Christopher Komisarjevsky, Joshua's uncle, told The New York Times that Joshua's grandmother "was a beautiful avant-garde dancer who danced with the seminal dancers of modern dance and my father had left Russia at the time of the revolution to escape the Communists and directed theater in London and New York...that was the kind of environment we grew up in."

After her husband died in 1954, Joshua's grandmother the dancer married John Chamberlain, a writer who published in conservative opinion magazines and lived on a 65-acre estate in Cheshire. On this wooded land, with its pond and copses of oaks and cedar, Joshua Komisarjevsky first began to explore the night, moving silently and swiftly to avoid being caught by his parents. He enjoyed the outdoors and would practice tracking animals through the woods and trying to remain as silent and unobserved as possible.

According to the accused killer, he committed his first crime when he was 12 years old, stealing a car. He says he did it by taking advantage of Cheshire's unlocked doors, plucking the keys from inside an unlocked house, in order to get home in time to avoid being caught violating his curfew.

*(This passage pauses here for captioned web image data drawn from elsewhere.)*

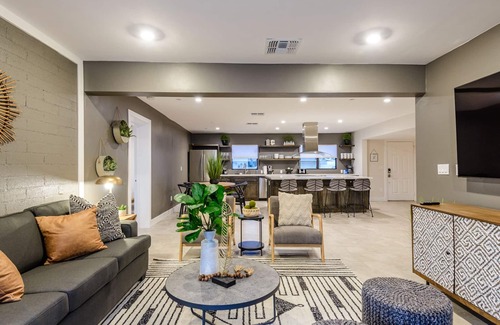 Entertainment District Casa | Closest Walk to Old Town, Entertainment District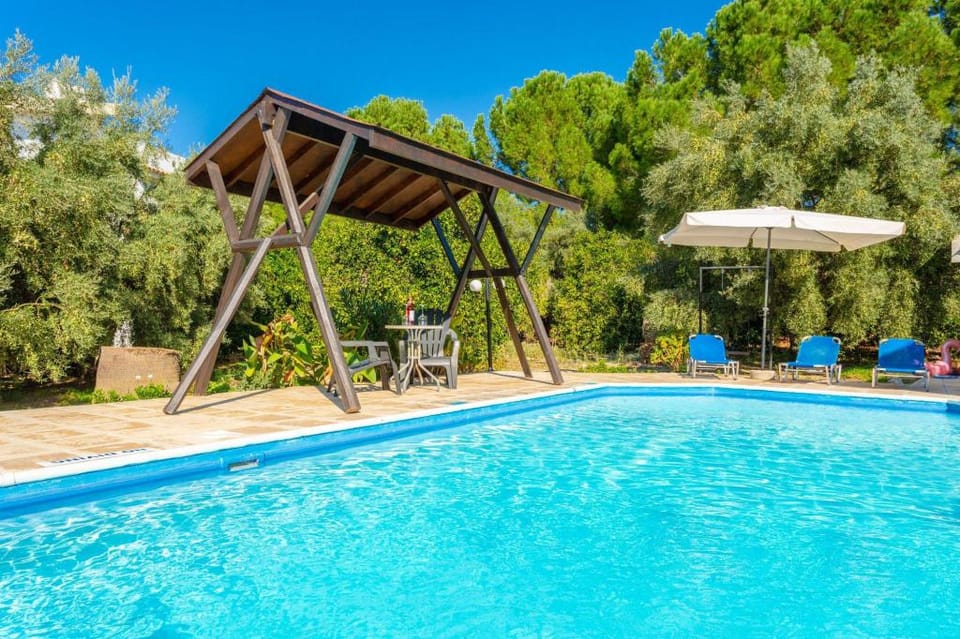 Villa Charoula Thio: Large Private Pool, A/C, WiFi                                                   Apartment in Poli Crysochous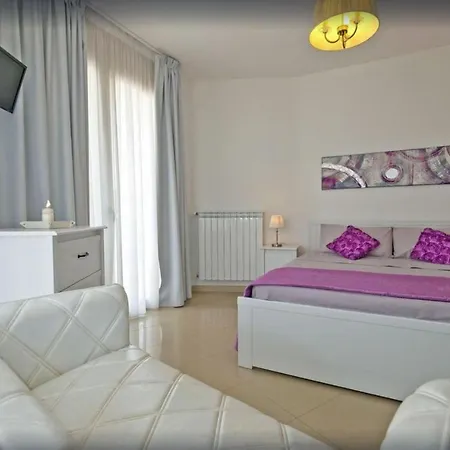 Bed and breakfast Planet Holiday San Domenico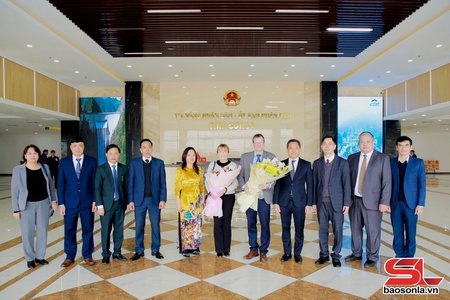 Finish Ambassador pays courtesy visit to Son La leaders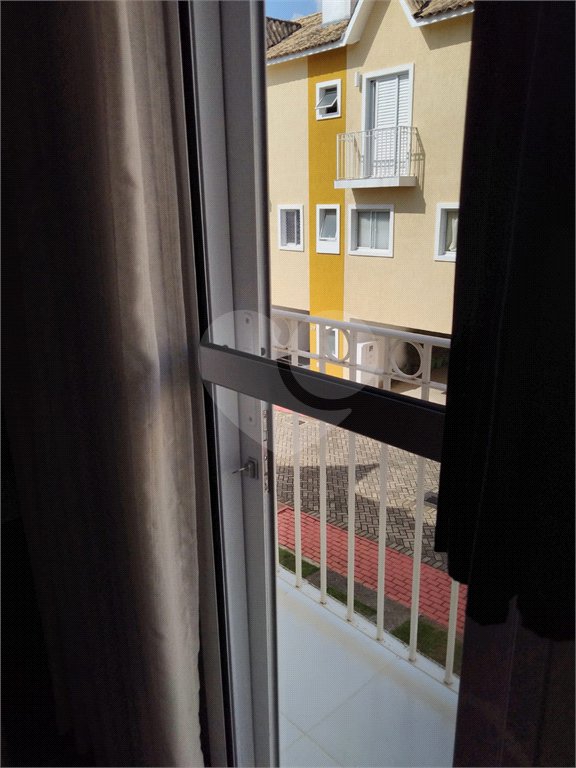 Casa à venda com 3 quartos, sendo 1 suíte, no condomínio Moradas do Horto, São Paulo - SP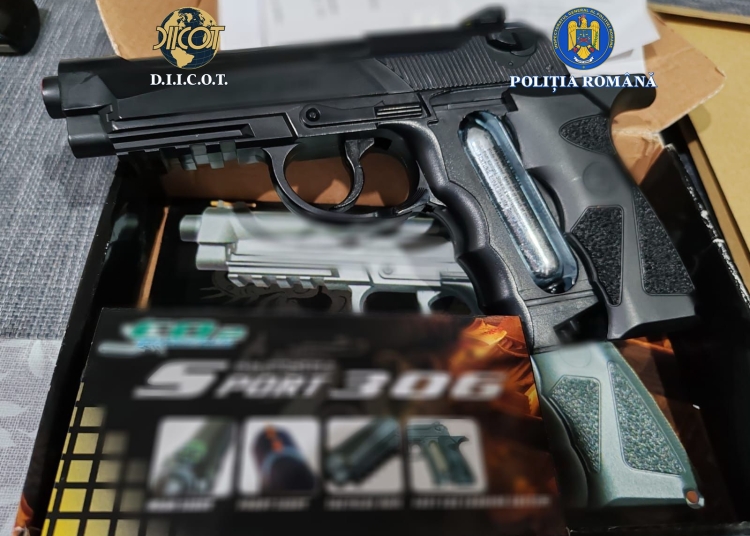 perchezitii in tulcea la indivizi care vindeau un gram de canabis cu 100 de lei 691dc34847093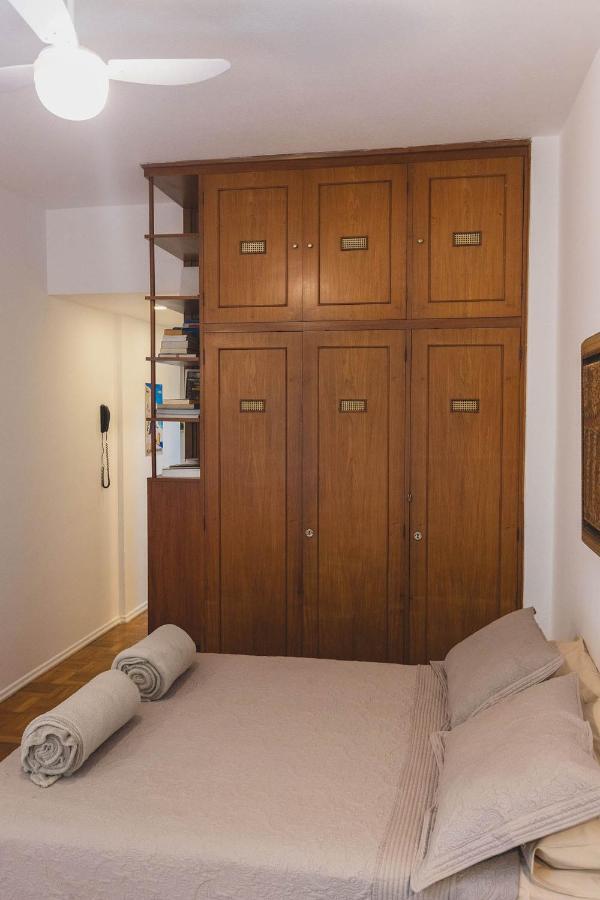Studio 14 Petropolis  Luaran gambar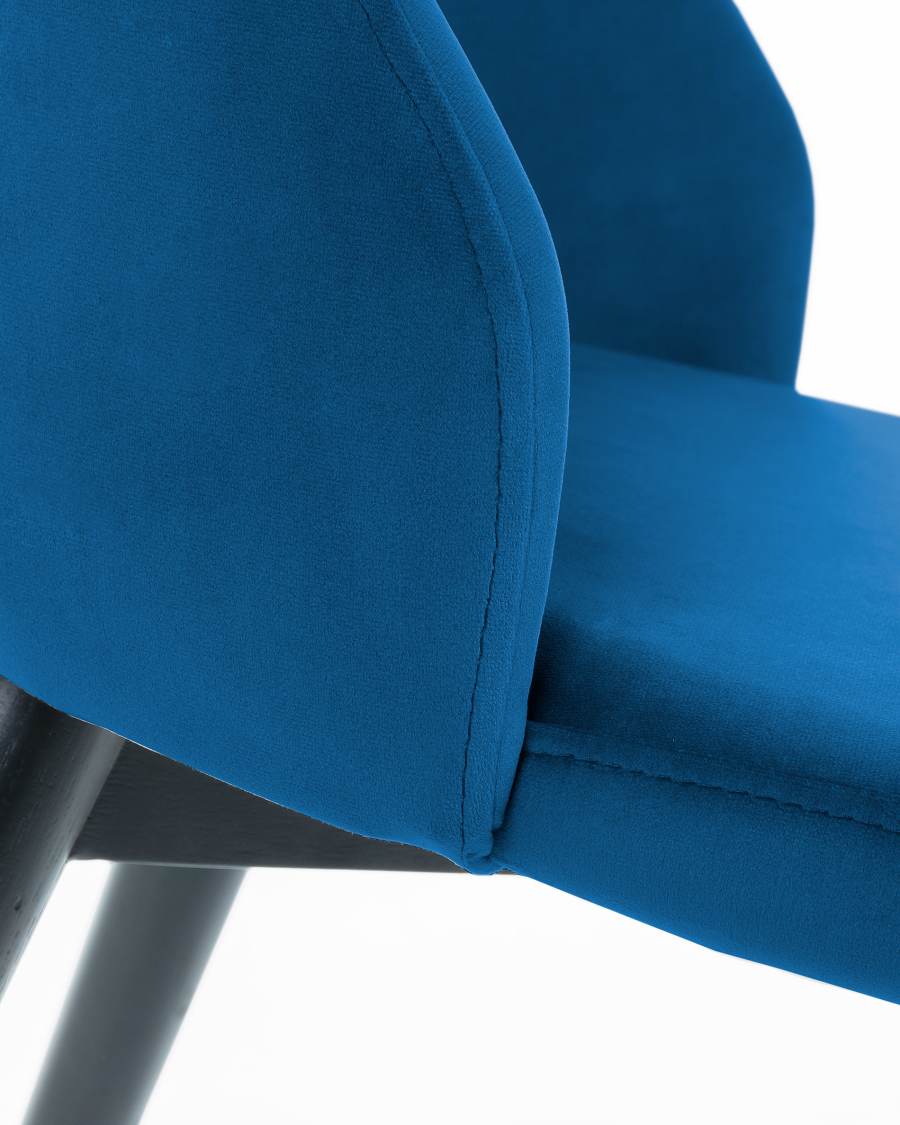 Rosie Stuhl, blauer Samt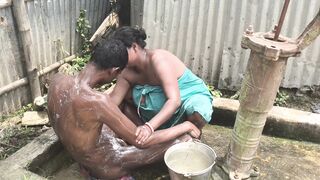 Indian hot desi bhabhi ke sath nahaya aur chudai ki
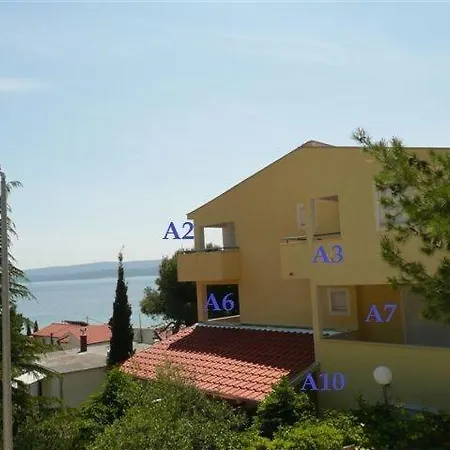 In With Sea View, Balcony, Air Conditioning, Wifi 132-8 Дуче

Among the several houses on the property, young Joshua lived with his parents in a pre-Revolutionary War home they referred to as The Homestead. This home, still in use, is less than two miles from the Petit home at 300 Sorghum Mill Drive.

Most burglaries occur in the daytime. Criminals generally don't want trouble and prefer to rob homes during the day when no one's home. But according to his own confessions to police and a journalist, Joshua Komisarjevsky enjoyed the rush of breaking into people's homes at night while they slept.

Komisarjevky sought out dangerous situations and seemed to get an almost erotic thrill from his trangressions. He describes breaking into other people's homes at night, waiting, standing still, and listening to sleeping strangers slowly breathing in their beds. He would wear latex gloves to avoid leaving fingerprints and, at least on one occasion, he told police, he used night-vision goggles to see in the dark.

Komisarjevky's predilection for the night may have begun when he was young but over the years developed into a criminal modus operandi. When retired Cheshire police officer Bill Glass first heard about the early morning home invasion on July 23, 2007, no one had to tell him who was involved. "I knew it was Komisarjevsky," he said.